On Halloween night, twice as many children die in pedestrian car accidents as compared with any other night of the year. Republican Herald indicates the majority of the fatalities happen between the hours of 4 and 10 PM.
When more kids are out on the road trick-or-treating, kids, parents, and drivers need to know there are dangers. These tips can help everyone to do their part to stay safe.
Tips for Parents to Prevent Halloween Car Accidents
According to Safe Kids, 31 percent of parents worry their kids will get into car crashes on Halloween. Parents can help prevent accidents by:
- Following the lead of 3/4 of parents who consider safety when choosing their child’s costume. Costumes should fit right and not be too long to create a tripping hazard. Kids should also stick with face paint instead of masks, which could make it harder for children to see.

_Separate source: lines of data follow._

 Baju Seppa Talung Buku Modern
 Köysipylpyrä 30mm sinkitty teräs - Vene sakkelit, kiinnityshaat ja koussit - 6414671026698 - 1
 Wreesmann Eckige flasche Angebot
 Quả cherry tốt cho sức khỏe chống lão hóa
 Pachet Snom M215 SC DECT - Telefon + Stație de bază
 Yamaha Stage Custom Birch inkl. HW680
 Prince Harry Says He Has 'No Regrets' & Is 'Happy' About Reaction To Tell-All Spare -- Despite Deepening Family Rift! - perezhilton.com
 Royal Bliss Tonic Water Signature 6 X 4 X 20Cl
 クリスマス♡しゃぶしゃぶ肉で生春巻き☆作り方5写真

- Limit when kids can trick-or-treat alone. Twelve percent of parents said they allowed kids aged five and under go to trick-or-treating without an adult. Counting on older kids to stay focused on supervising their siblings amidst the excitement of Halloween can be dangerous. Safe Kids recommends not allowing kids to go out alone until at lear age 12.

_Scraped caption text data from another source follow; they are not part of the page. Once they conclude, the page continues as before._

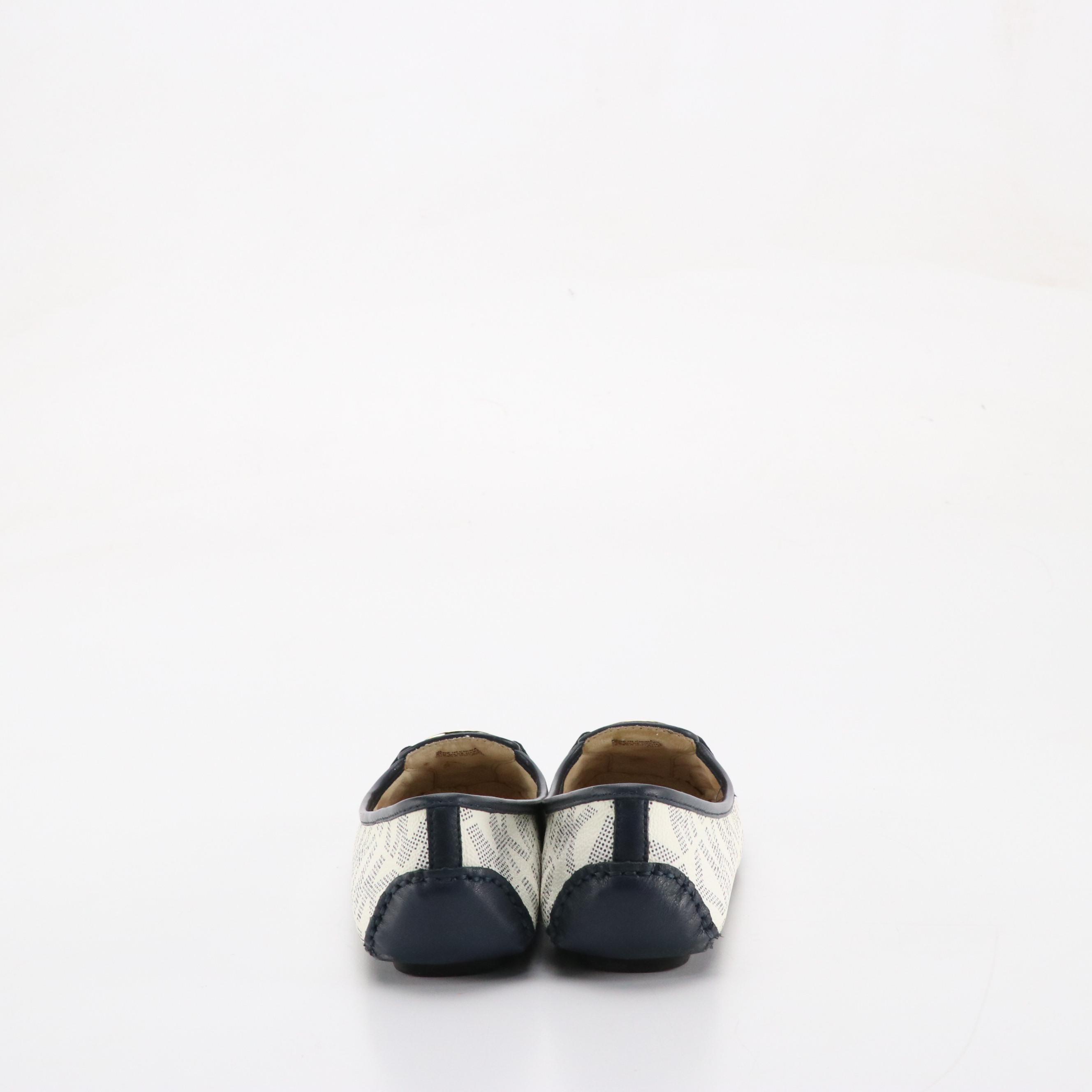 Bruno Magli Low-Heeled Leather Shoes with Michael Kors MK and Leather Flats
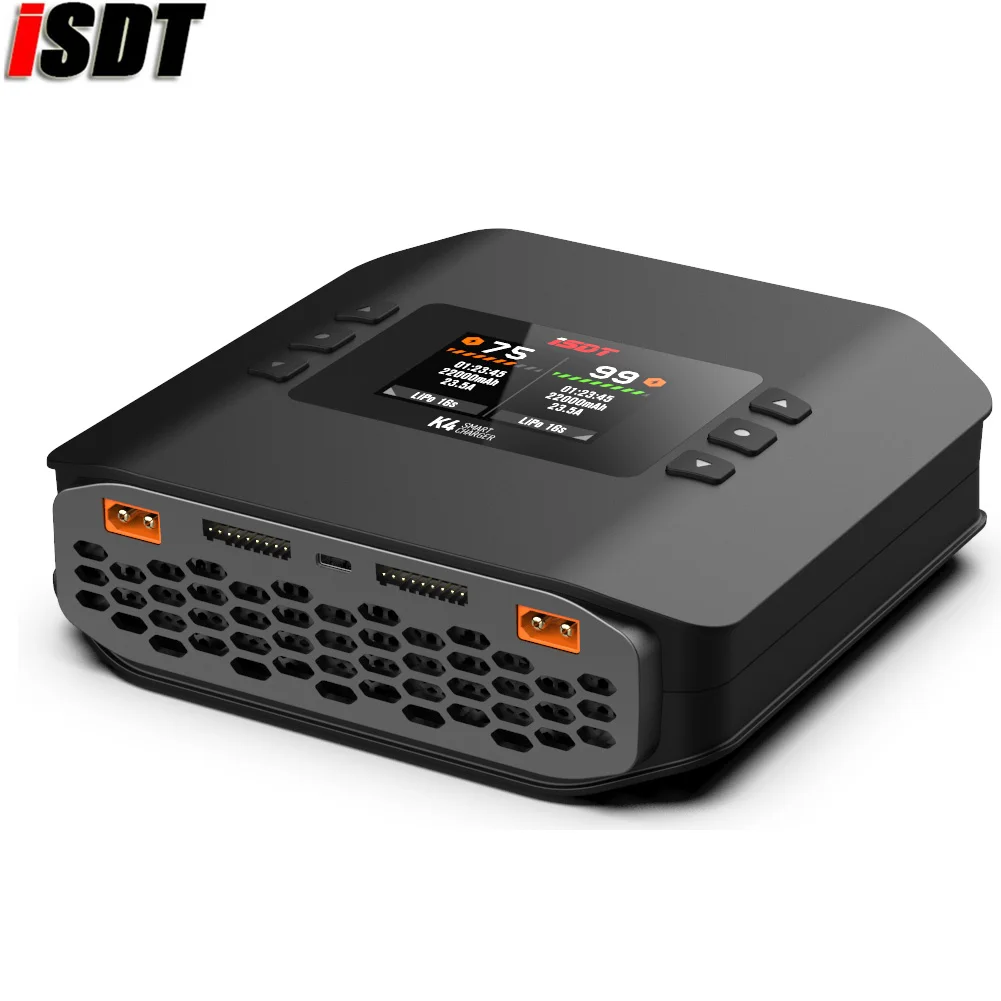 Cargador de baterías doble ISD - Isdt K4 Dual Lipo Charger reseña y precio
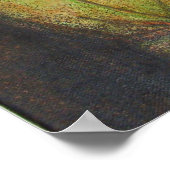 Poster de la déesse Athena, femme & hibou imaginai (Coin)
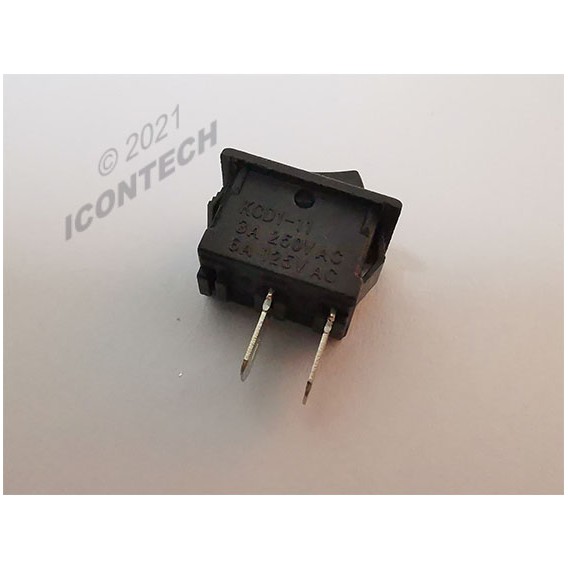 Rocker switch 117S 250V3A 125V6A AC 3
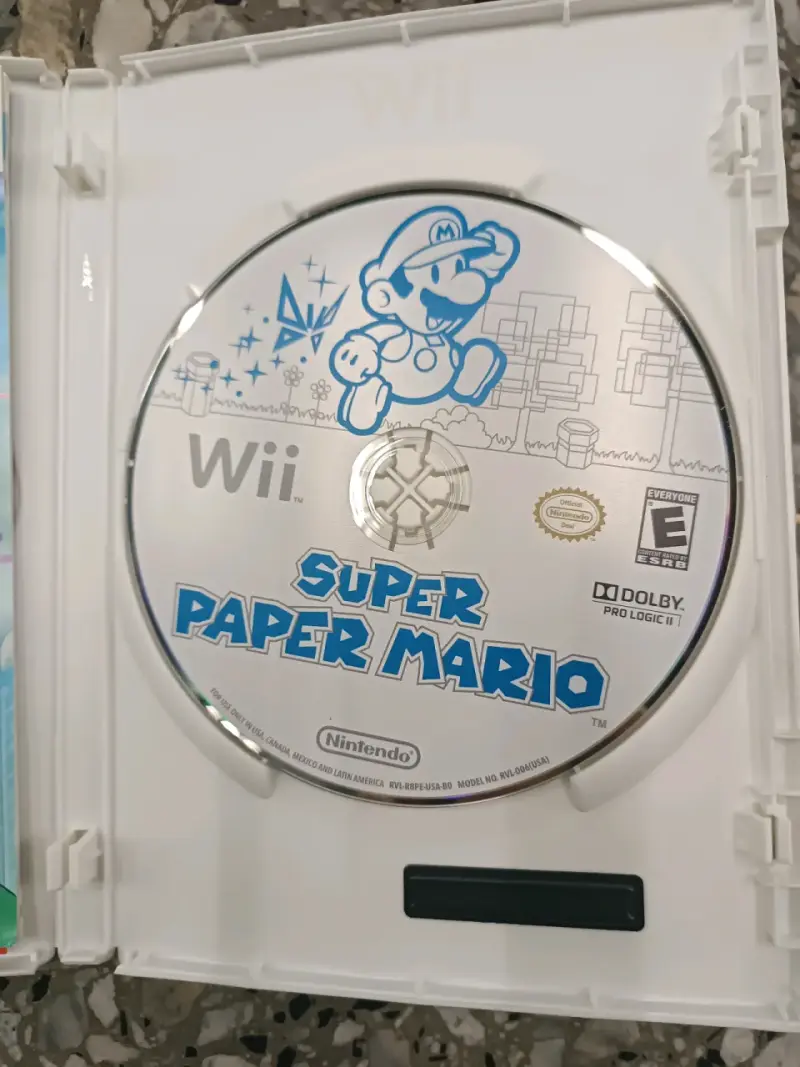 Juego Super Paper Mario para Nintendo Wii - 2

- Speaking with their kids each year about car accident dangers and other Halloween risks. Only 35 percent of parents talk annually with their children about how to stay safe on Halloween.
- Making sure older kids make safe choices. Of the pedestrian crashes on Halloween, 33 percent are caused by drivers aged 15 to 25.

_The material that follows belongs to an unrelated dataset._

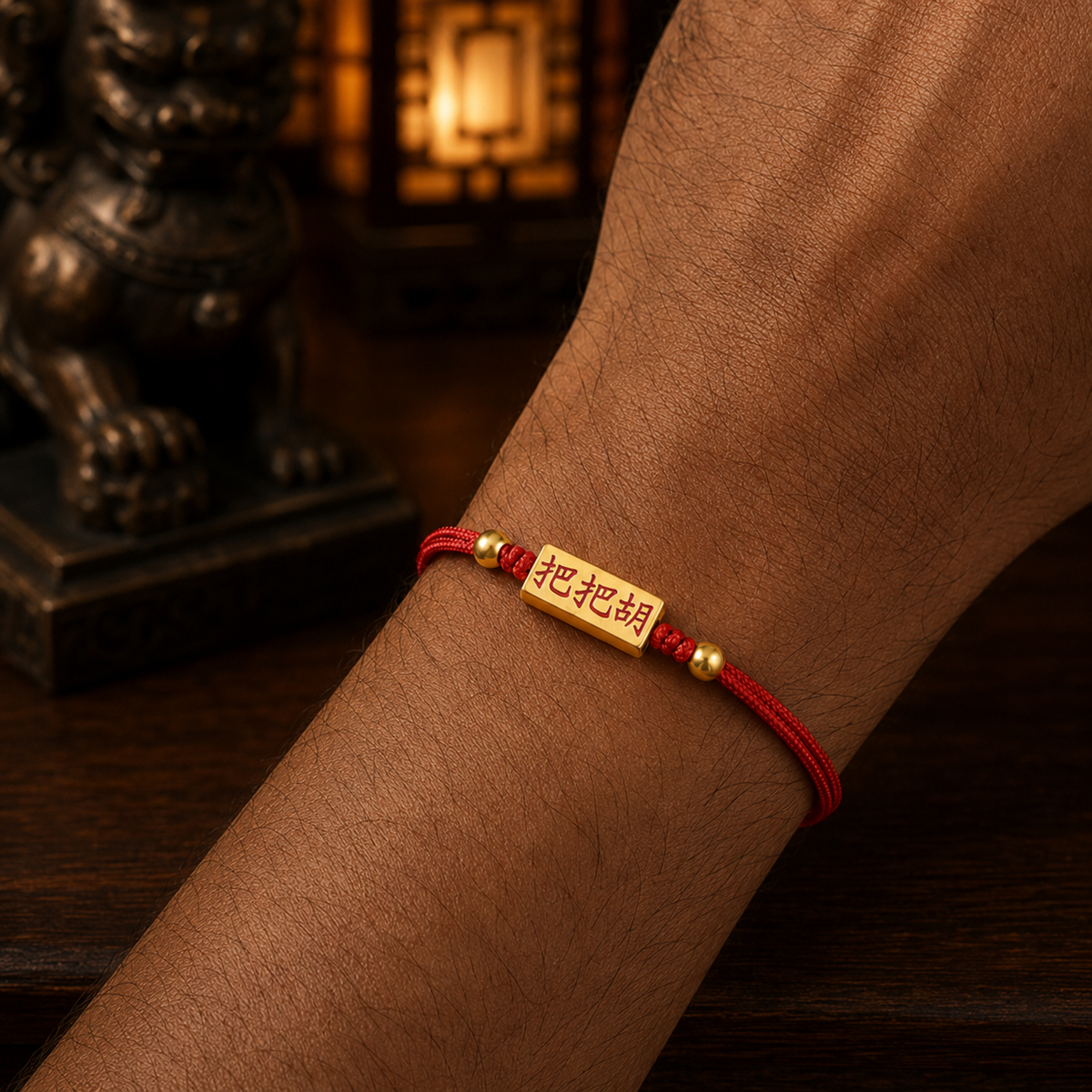 Amuleto das Vitórias - pulseira Ruvi para conquistas e superação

Tips for Drivers to Prevent Halloween Car Accidents
Parents can only do so much to stop deadly accidents. Drivers also need to avoid causing motor vehicle collisions or pedestrian crashes. Drivers should:
- Have a designated driver if they are going to drink. On Halloween night each year, drunk drivers whose BAC is above the limit cause 23 percent of pedestrian accidents, according to Patch. Have a sober driver lined up before drinking starts.
- Avoid going too fast. You never know when a child will come out in the road, especially as more than 70 percent of all pedestrian crashes happen outside intersections or crosswalks. Kids could run out in front of your car at any time, and if you are going slowly you are less likely to hit them since you can stop sooner. Even if your car makes contact, slower speed means less momentum and less chance of a child dying.
- Stay focused on the road. If you are distracted, you are less likely to see a child.
Tips for Kids to Prevent Halloween Car Accidents
Kids need to make sure they cross the road only at intersections or designated areas. They should use a flash light if trick or treating when dark (only 35 percent of parents require a flashlight). They should also look both ways before crossing the road so they do not get into the path of oncoming vehicles.
If kids, drivers, and parents all come together to focus on safety on Halloween night, hopefully everyone can celebrate safely.